* **Task statement**
Please return the listing below word for word, minus its pictures.

* **Material for the task**
--

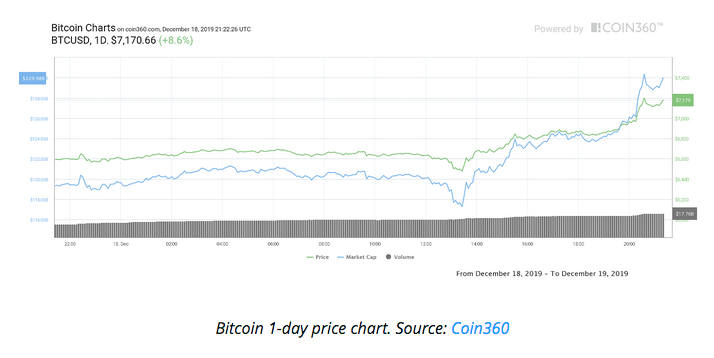 giá Bitcoin Chart 1D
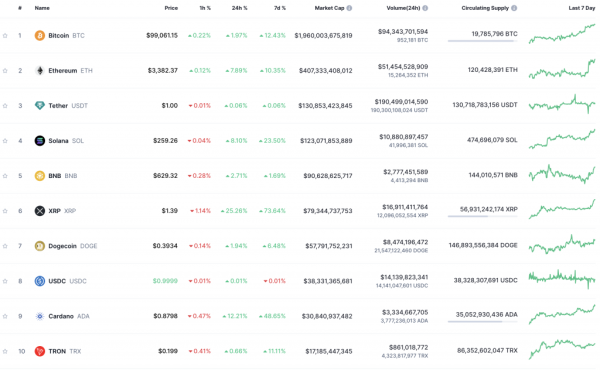 Біткоїн оновив ATH вище $99 000 - INFBusiness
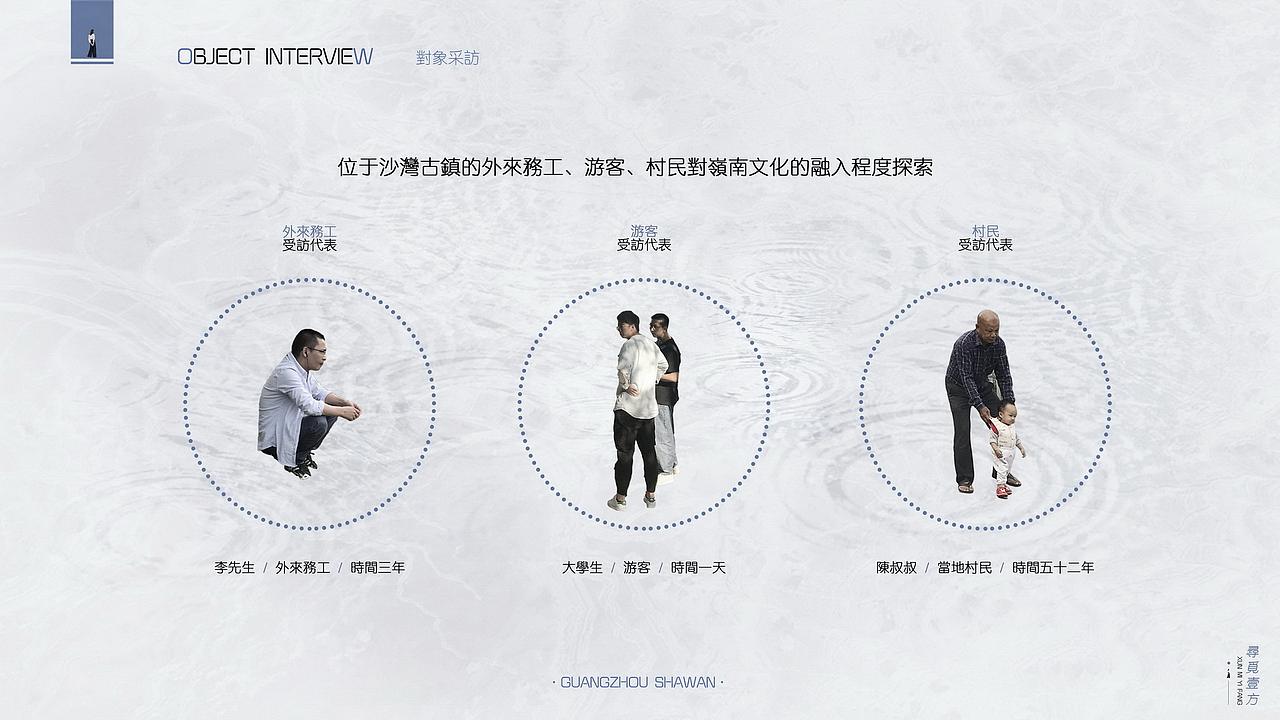 / YLYW | 寻觅壹方-岭南派公共文化馆设计(图ZMjEwMDA4NzA4) - 建筑设计 - 站酷设计师源里源外设计原创素材 - 站酷ZCOOL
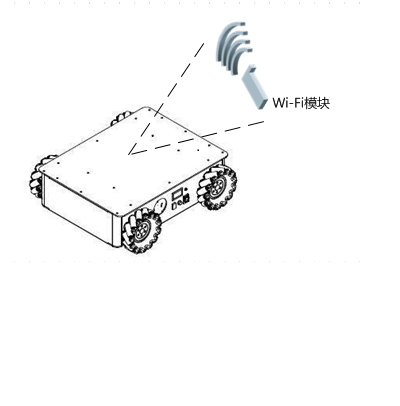 COMMSEN科讯移动机器人无线通信模块解决方案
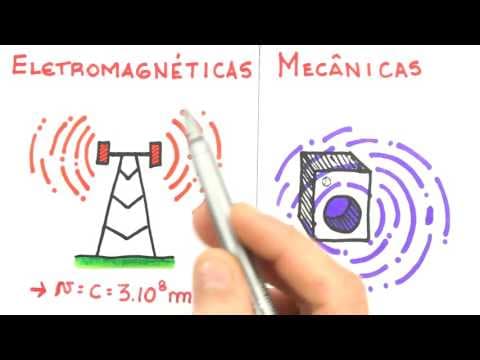 Thumbnail da aula: Me Salva!Eng. OSO02 - Introdução e Classificação das Ondas - Óptica e Ondulatória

--

* **Final answer**
 giá Bitcoin Chart 1D
 Біткоїн оновив ATH вище $99 000 - INFBusiness
 / YLYW | 寻觅壹方-岭南派公共文化馆设计(图ZMjEwMDA4NzA4) - 建筑设计 - 站酷设计师源里源外设计原创素材 - 站酷ZCOOL
 COMMSEN科讯移动机器人无线通信模块解决方案
 Thumbnail da aula: Me Salva!Eng. OSO02 - Introdução e Classificação das Ondas - Óptica e Ondulatória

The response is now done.